» **What is needed**:
Transcribe the line that contains "TOYOTA Hilux SW4" and every line after it to the end of the records, exactly and nothing else. Skip the pictures.

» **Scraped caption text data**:

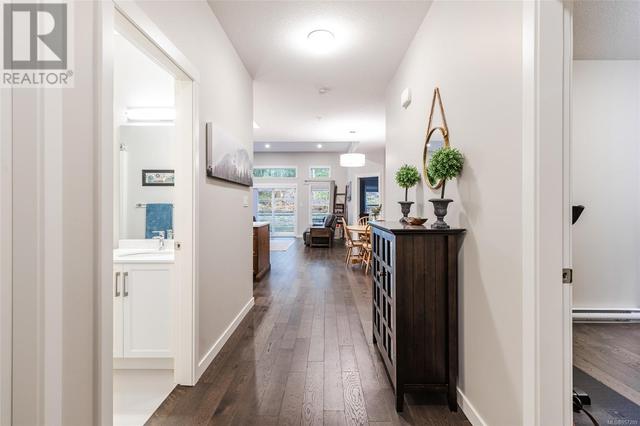Extra wide entry hall | Image 21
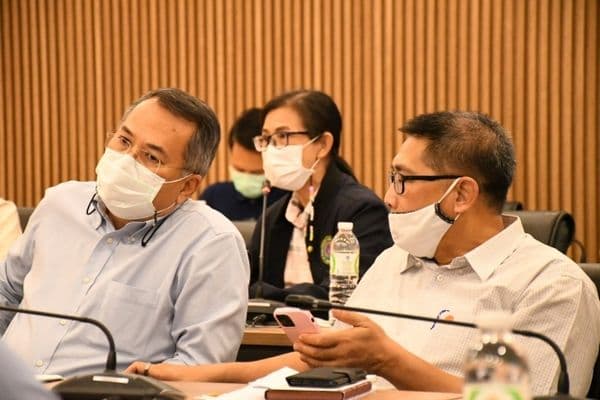 ภาพประกอบข่าว ลำดับที่ 5 จาก ร่วมประชุมติดตามและหารือในการแก้ไขปัญหากรณีกา​รแพร่ระบาด​ของ​โร​คติดเชื้อไ​วรัสโคโรนา​ 2019​(COVID-​ 19)
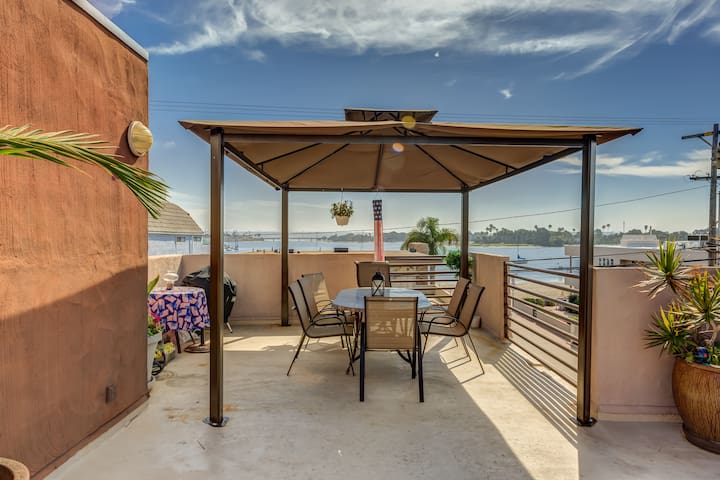 Book now for summer Mission Beach,Garage /patio !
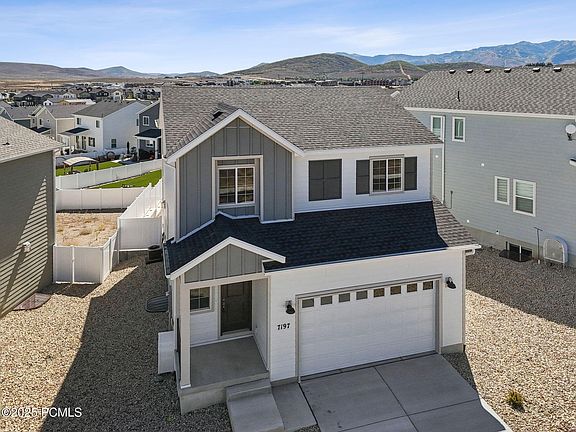 3rd image of 7197 Woods Rose Dr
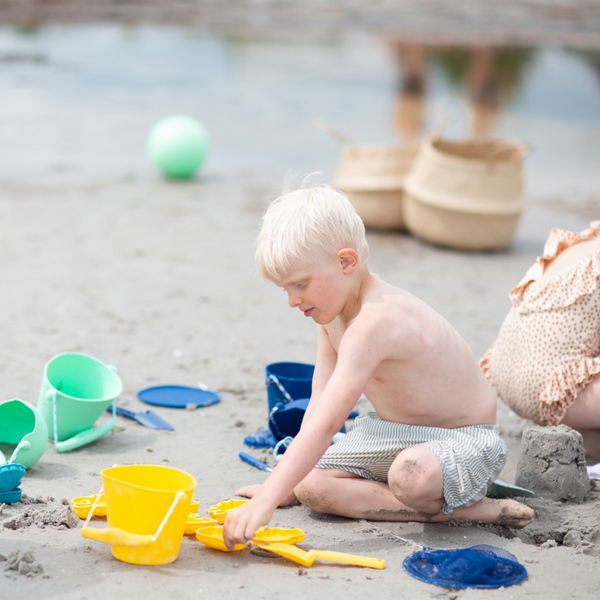 Zusammenklappbarer Eimer für Wasser und Sand – Senf - Tublu.de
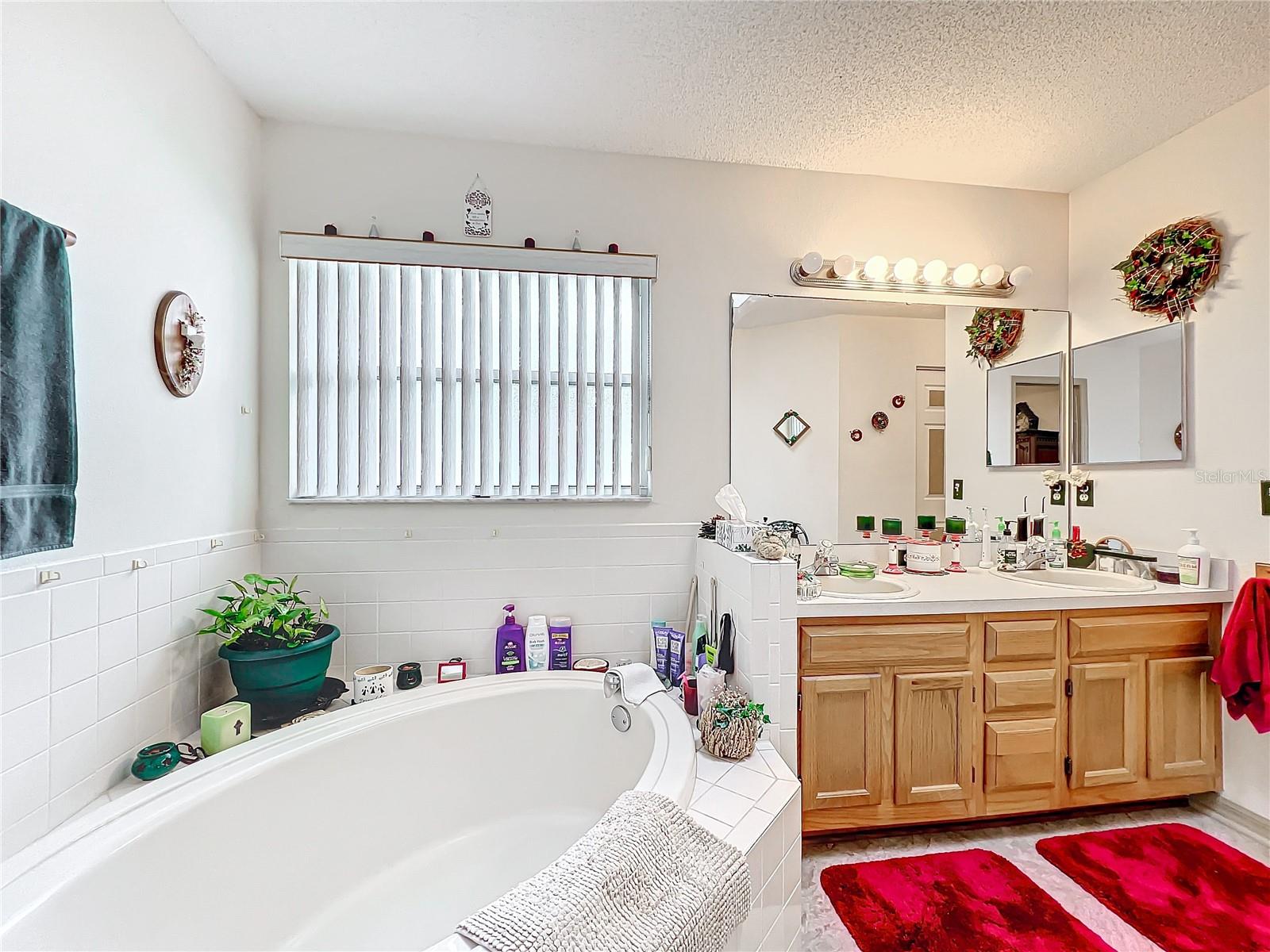 Image 17 of 27 For 2206 Silver Lakes Drive N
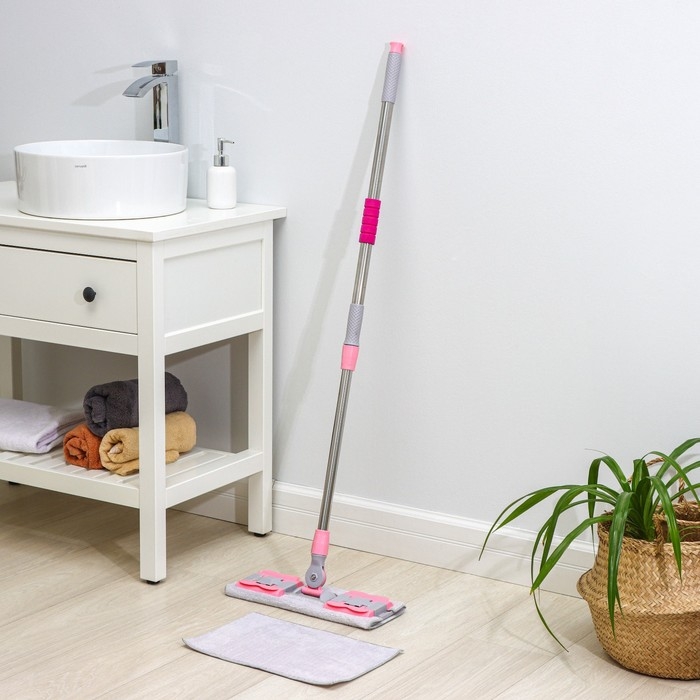 Швабра для мытья пола плоская Доляна, насадка из микрофибры 40×12 см, телескопическая стальная ручка 74-109 см, цвет МИКС Швабра для мытья пола плоская Доляна, насадка из микрофибры 40×12 см, телескопическая стальная ручка 74-109 см, цвет МИКС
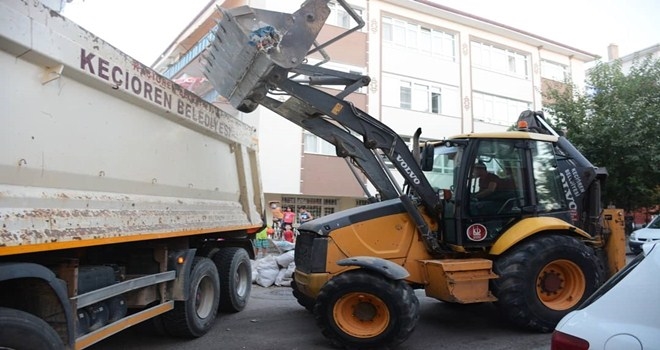 KEÇİÖREN´DE VATANDAŞLARIN HAFRİYATLARI ÜCRETSİZ ALINIYOR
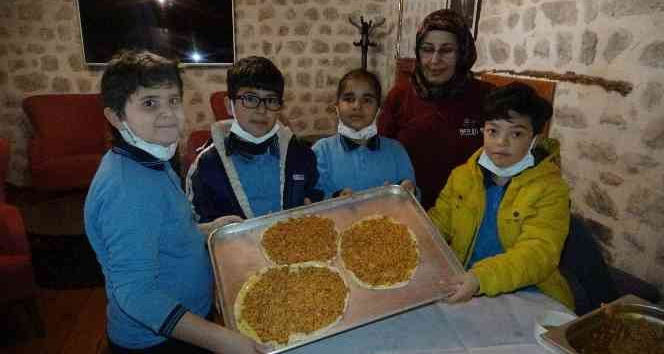 Çocuklar ‘katıklı ekmek atölyesinde’ hünerlerini sergiledi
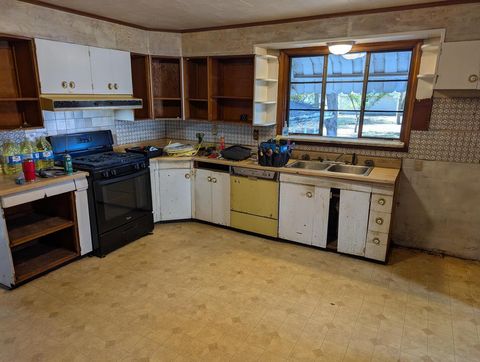 Tiny photo for 320 S 5th Street, Sheldon, IL 60966 (MLS # 12507589)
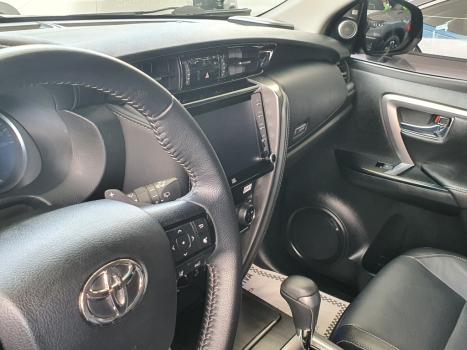 TOYOTA Hilux SW4 2.8 16V 4P SRX 4X4 7 LUGARES TURBO DIESEL AUTOM�TICO, Foto 5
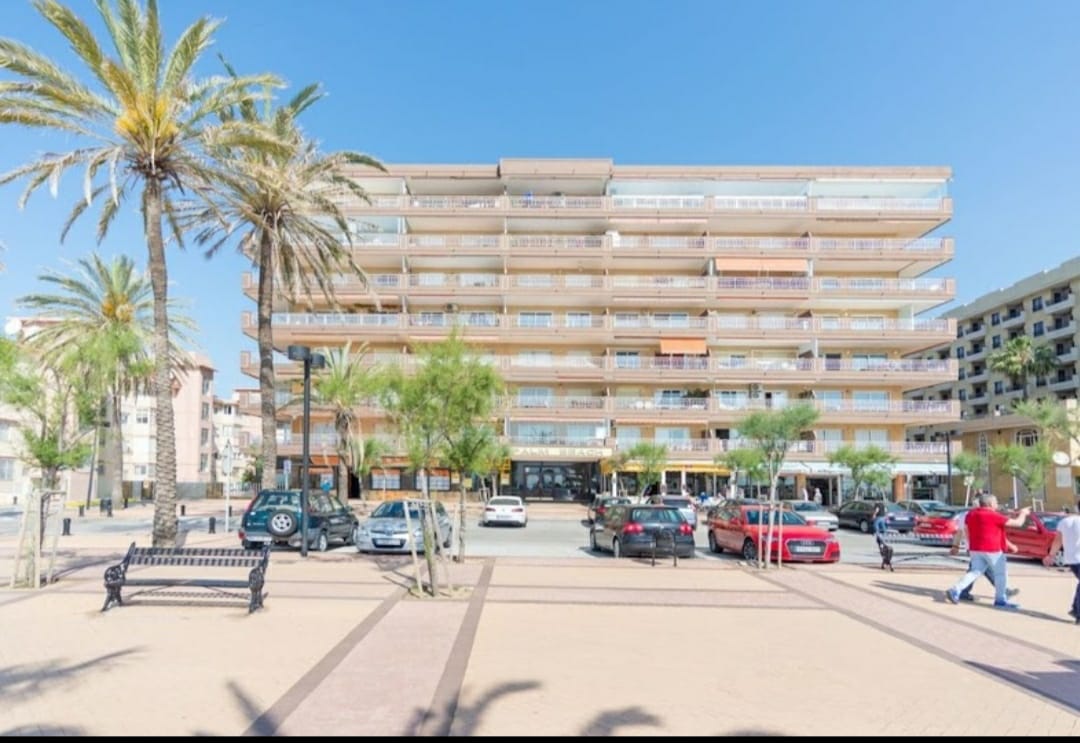 MEDIA TEMPORADA . SE ALQUILA  DESDE 1.5.25 -30.6.25  y del 1.9.25-30.6.26  MAGNIFICO APARTAMENTO CON VISTAS AL MAR EN LOS BOLICHES (FUENGIROLA )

» **Result for this task**:
 TOYOTA Hilux SW4 2.8 16V 4P SRX 4X4 7 LUGARES TURBO DIESEL AUTOM�TICO, Foto 5
 MEDIA TEMPORADA . SE ALQUILA  DESDE 1.5.25 -30.6.25  y del 1.9.25-30.6.26  MAGNIFICO APARTAMENTO CON VISTAS AL MAR EN LOS BOLICHES (FUENGIROLA )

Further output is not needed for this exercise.